(Crawled caption data)
******

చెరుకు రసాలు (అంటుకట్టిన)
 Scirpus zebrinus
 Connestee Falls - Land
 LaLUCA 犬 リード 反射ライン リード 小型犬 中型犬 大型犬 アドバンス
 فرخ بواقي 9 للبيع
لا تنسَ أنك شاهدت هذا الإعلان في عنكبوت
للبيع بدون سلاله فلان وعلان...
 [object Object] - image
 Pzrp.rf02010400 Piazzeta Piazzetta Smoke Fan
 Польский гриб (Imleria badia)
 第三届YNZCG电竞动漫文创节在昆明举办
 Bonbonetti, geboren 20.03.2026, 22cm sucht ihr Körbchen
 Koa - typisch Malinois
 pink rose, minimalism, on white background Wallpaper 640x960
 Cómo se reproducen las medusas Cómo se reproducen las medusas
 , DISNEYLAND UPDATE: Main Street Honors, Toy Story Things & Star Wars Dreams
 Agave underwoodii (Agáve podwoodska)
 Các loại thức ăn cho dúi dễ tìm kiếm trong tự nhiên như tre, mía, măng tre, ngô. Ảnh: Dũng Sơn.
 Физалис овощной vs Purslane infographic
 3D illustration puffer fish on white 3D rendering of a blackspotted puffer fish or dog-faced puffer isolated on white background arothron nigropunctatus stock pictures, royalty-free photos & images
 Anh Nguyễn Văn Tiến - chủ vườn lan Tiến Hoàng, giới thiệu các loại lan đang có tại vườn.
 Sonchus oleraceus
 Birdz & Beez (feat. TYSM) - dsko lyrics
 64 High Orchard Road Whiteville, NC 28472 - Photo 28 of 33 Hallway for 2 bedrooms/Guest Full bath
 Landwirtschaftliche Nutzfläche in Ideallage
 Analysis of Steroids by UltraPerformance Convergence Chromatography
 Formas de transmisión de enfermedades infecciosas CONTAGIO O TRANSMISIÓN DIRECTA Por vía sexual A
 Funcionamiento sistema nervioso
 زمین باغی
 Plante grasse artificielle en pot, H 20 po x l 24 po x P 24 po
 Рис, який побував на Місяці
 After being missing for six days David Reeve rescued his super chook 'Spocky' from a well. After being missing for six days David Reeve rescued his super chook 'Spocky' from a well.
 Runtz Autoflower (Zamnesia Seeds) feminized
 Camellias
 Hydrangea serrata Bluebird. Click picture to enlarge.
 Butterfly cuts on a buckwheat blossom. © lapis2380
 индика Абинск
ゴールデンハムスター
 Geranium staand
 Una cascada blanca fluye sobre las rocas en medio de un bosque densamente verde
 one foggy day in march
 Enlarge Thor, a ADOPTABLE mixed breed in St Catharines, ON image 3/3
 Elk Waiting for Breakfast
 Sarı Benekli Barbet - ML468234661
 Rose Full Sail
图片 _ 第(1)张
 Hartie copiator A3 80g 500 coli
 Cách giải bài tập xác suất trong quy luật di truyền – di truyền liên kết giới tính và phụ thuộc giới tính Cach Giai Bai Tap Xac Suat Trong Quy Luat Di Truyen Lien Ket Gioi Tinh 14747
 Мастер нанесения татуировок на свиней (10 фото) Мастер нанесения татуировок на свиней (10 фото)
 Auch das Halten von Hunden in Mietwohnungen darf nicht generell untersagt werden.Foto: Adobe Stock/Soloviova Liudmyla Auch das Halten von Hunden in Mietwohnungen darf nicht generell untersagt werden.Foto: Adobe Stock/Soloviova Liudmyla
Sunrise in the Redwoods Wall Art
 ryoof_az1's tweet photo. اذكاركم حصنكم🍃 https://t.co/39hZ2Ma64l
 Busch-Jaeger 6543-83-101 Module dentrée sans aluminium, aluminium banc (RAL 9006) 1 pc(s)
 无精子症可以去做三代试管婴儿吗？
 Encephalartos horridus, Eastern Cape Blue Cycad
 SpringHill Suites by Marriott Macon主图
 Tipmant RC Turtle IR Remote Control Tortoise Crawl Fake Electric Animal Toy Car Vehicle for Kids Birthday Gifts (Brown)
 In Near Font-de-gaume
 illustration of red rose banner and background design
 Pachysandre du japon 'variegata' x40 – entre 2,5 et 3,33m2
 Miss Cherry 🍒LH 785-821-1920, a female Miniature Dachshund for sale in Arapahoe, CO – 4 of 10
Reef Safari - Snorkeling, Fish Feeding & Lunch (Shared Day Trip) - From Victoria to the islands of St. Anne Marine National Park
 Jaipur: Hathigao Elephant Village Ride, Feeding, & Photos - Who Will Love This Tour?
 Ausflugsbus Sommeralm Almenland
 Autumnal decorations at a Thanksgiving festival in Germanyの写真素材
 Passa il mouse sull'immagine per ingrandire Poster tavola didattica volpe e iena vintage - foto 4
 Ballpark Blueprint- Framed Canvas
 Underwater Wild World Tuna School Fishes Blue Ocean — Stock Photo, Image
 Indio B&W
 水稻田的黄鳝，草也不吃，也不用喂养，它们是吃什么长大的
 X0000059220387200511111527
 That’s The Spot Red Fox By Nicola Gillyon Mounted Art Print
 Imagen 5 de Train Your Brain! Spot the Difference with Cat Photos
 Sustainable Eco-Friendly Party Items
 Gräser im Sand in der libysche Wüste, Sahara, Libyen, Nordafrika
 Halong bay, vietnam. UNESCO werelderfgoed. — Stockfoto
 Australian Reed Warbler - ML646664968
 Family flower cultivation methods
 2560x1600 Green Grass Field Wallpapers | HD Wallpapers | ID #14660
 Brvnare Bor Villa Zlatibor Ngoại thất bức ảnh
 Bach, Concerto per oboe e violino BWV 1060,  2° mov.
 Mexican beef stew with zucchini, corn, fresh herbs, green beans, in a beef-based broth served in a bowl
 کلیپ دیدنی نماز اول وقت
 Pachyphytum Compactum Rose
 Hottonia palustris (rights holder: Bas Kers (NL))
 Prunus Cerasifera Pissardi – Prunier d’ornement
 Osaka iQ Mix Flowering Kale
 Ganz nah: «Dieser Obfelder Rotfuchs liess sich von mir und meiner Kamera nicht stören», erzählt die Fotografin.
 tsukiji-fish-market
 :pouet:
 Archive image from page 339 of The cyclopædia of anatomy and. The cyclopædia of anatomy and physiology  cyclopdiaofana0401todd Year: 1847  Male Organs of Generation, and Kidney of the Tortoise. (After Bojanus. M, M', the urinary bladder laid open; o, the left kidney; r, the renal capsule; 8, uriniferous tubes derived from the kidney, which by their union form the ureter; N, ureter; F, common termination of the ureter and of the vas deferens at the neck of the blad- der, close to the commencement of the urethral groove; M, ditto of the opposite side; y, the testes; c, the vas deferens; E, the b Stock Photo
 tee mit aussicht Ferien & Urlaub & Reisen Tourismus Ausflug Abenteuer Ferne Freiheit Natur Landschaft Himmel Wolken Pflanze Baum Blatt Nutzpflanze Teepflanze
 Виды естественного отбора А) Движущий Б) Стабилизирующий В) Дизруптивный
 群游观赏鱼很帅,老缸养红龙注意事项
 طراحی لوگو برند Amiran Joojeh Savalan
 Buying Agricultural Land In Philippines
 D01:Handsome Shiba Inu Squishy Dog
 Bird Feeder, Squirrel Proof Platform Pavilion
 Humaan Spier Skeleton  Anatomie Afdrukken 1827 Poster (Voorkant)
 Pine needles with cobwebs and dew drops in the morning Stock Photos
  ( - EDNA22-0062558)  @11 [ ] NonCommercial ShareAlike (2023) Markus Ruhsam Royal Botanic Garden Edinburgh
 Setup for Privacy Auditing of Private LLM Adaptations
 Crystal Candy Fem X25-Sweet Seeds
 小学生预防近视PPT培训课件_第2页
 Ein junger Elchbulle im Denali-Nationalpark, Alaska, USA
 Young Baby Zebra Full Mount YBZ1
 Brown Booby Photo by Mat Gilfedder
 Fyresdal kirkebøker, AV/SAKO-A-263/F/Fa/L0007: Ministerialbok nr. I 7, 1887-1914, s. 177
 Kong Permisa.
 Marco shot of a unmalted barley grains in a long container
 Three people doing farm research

******

Exercise :: From the data above, output only the lines between the line containing "Setup for Privacy" and the line containing "Kong Permisa.", inclusive, exactly as written.

Worked solution ::
 Setup for Privacy Auditing of Private LLM Adaptations
 Crystal Candy Fem X25-Sweet Seeds
 小学生预防近视PPT培训课件_第2页
 Ein junger Elchbulle im Denali-Nationalpark, Alaska, USA
 Young Baby Zebra Full Mount YBZ1
 Brown Booby Photo by Mat Gilfedder
 Fyresdal kirkebøker, AV/SAKO-A-263/F/Fa/L0007: Ministerialbok nr. I 7, 1887-1914, s. 177
 Kong Permisa.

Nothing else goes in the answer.